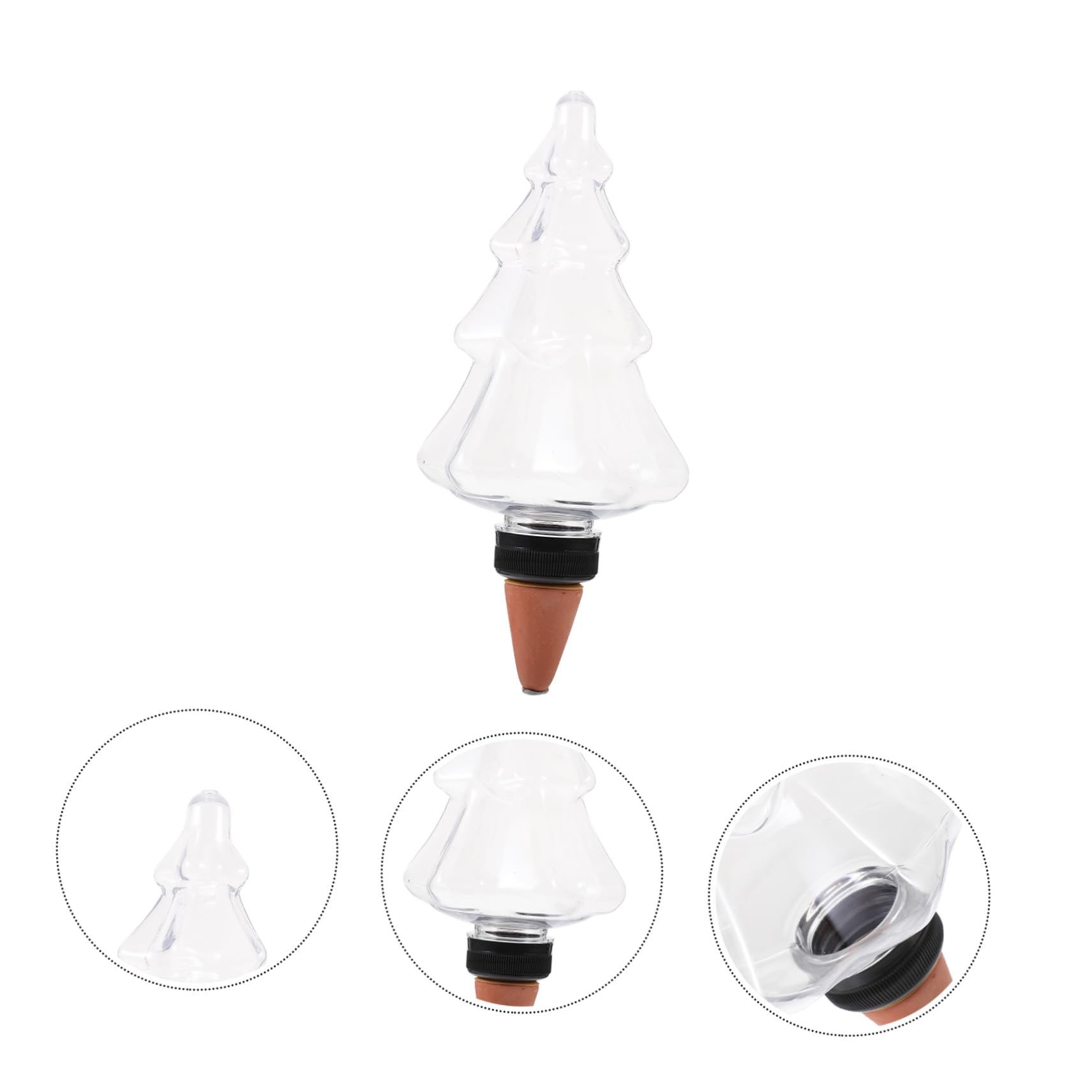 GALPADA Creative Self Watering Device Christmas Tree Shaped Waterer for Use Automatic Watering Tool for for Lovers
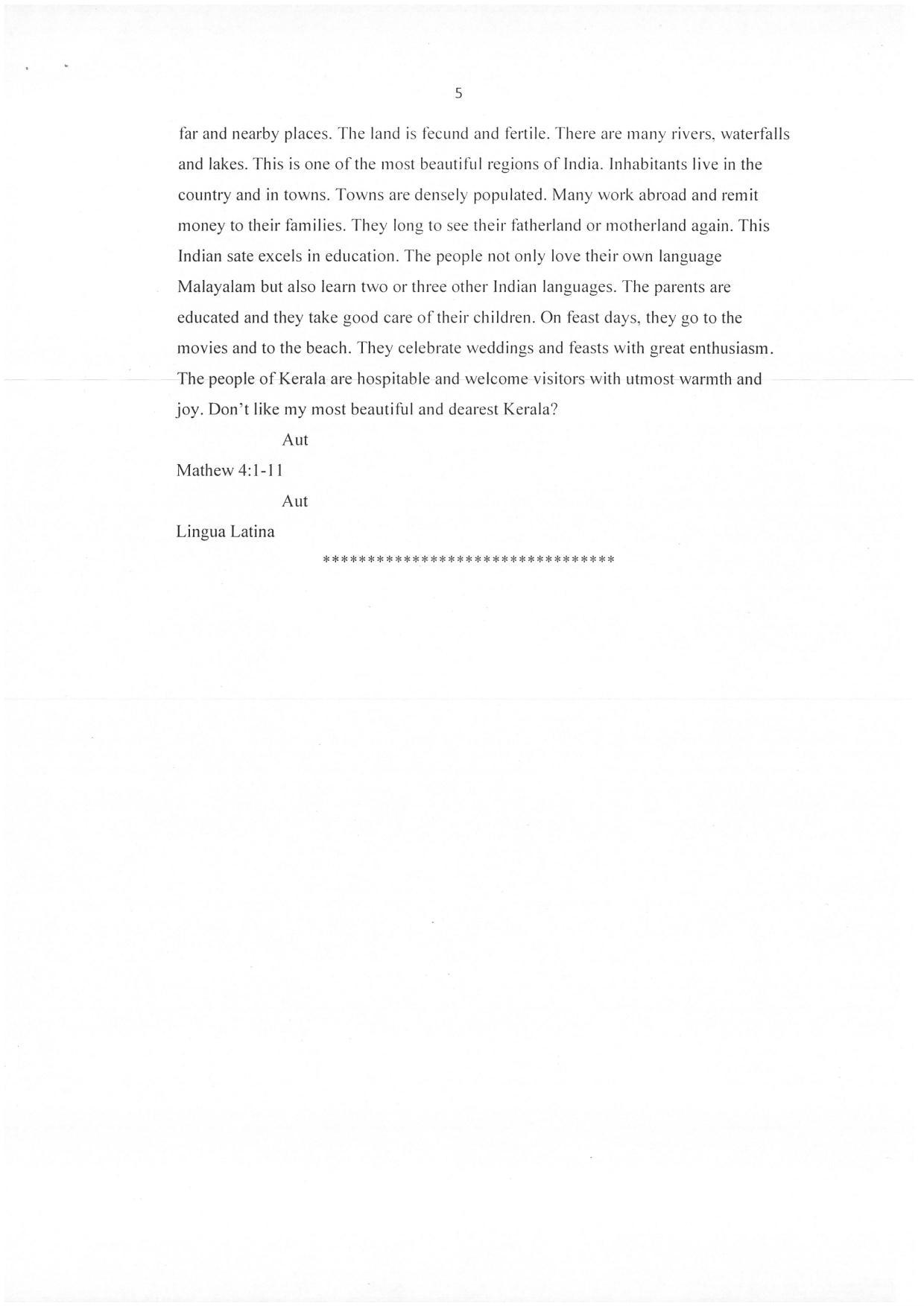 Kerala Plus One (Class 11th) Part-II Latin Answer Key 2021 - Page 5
---
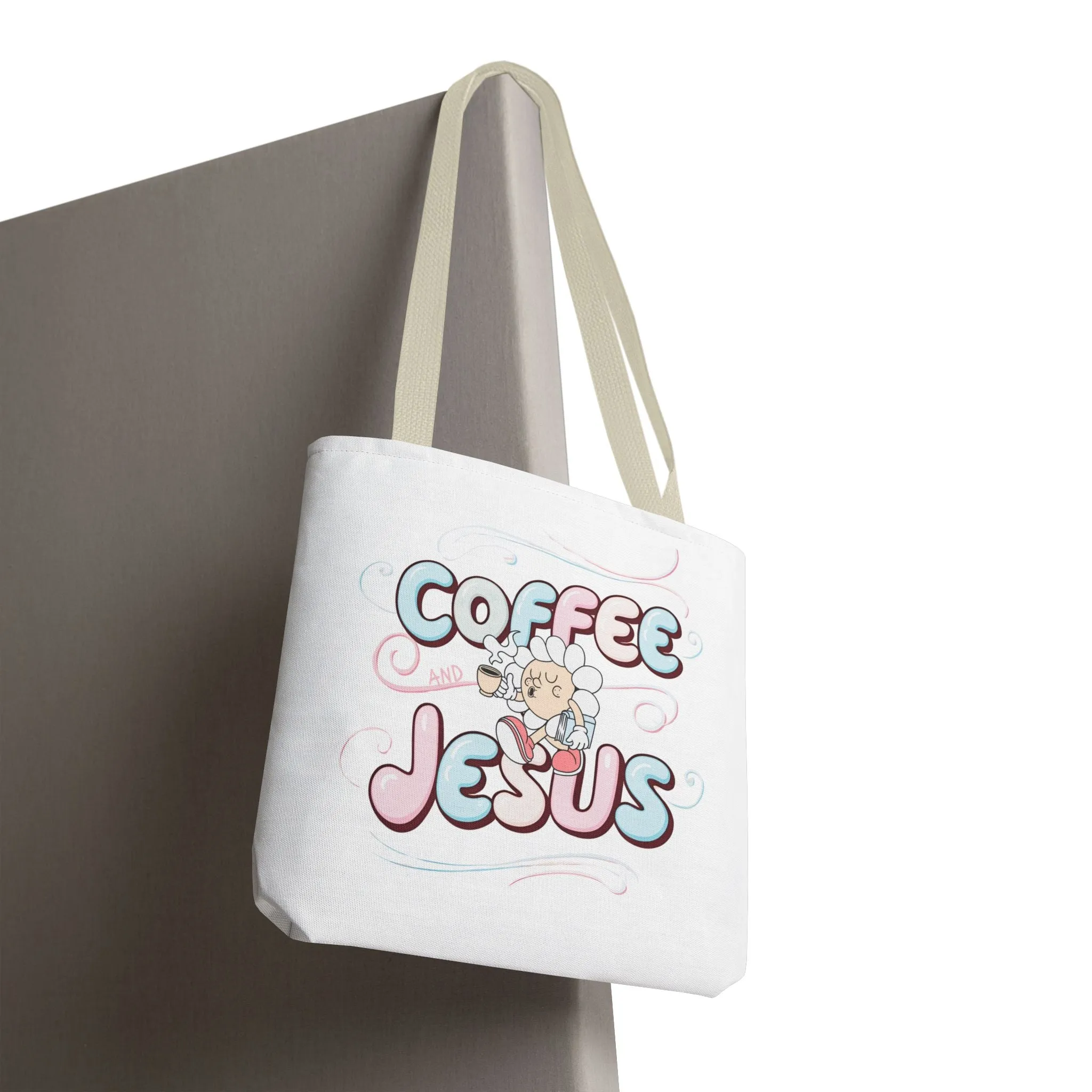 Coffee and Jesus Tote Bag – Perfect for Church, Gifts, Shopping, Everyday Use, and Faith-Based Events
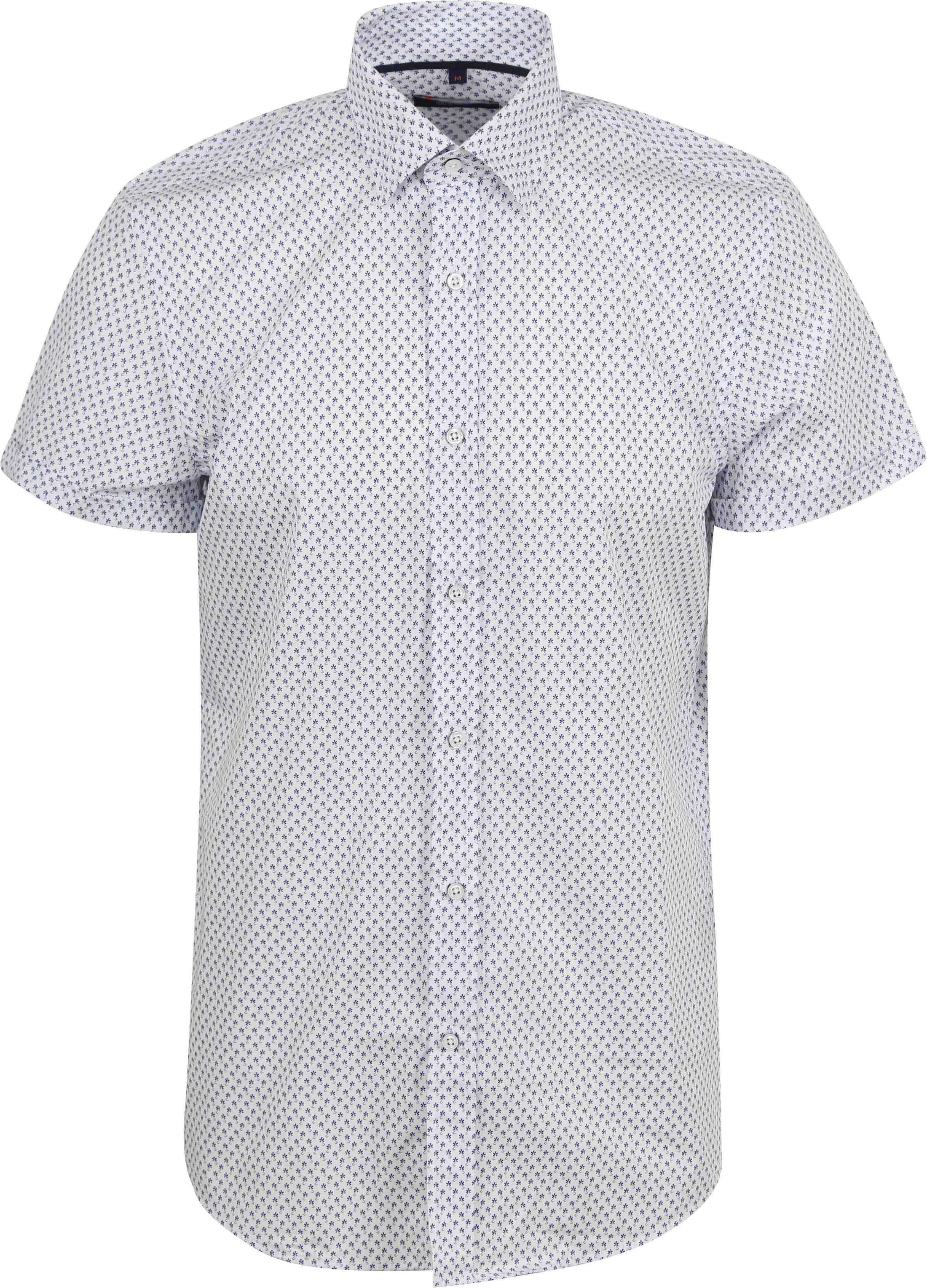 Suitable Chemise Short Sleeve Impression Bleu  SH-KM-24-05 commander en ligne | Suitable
---
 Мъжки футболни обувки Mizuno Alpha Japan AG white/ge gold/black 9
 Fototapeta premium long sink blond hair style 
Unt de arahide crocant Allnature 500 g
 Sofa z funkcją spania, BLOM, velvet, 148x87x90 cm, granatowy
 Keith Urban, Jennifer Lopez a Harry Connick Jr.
---
» **Brief**
Copy exactly the lines of the entries above from the one containing "GALPADA Creative Self" through the one containing "Kerala Plus One". Both end lines count; pictures do not.

» **Answer box**
 GALPADA Creative Self Watering Device Christmas Tree Shaped Waterer for Use Automatic Watering Tool for for Lovers
 Kerala Plus One (Class 11th) Part-II Latin Answer Key 2021 - Page 5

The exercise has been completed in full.